ASSIGNED TASK = Copy out every line of the material below, character for character, apart from the pictures.

DATA EXTRACT =
◇ ◇ ◇

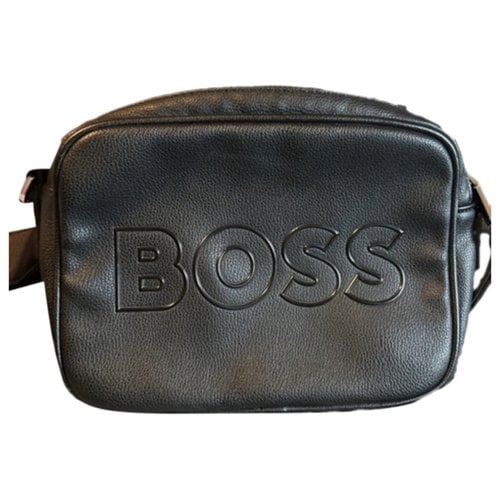 Pre-owned Hugo Boss Leather Crossbody Bag In Black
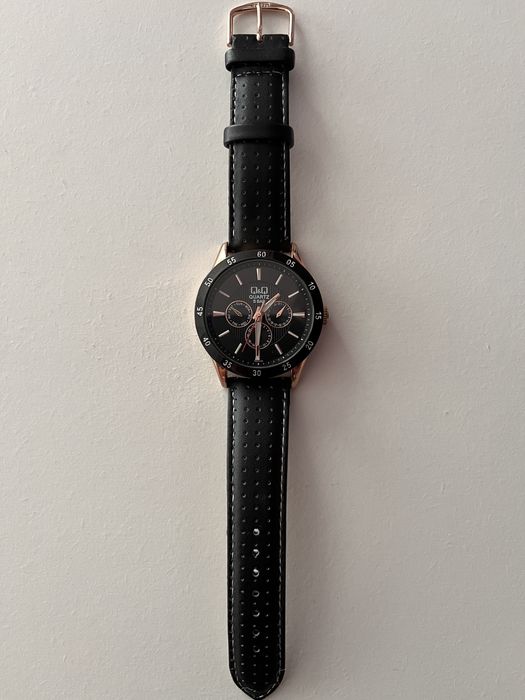 Мъжки Часовник Q&Q Multi-Dial CE02J532Y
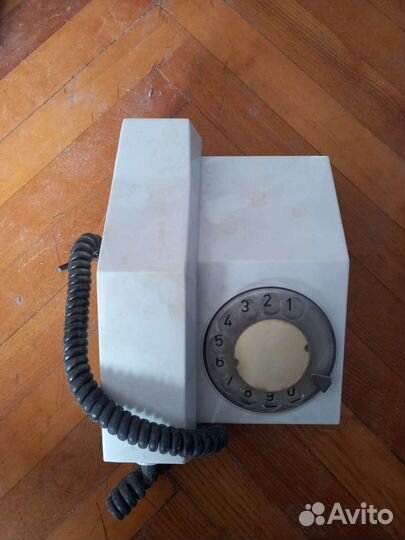 Старый стационарный телефон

◇ ◇ ◇

ANSWER TO THIS PROBLEM =
 Pre-owned Hugo Boss Leather Crossbody Bag In Black
 Мъжки Часовник Q&Q Multi-Dial CE02J532Y
 Старый стационарный телефон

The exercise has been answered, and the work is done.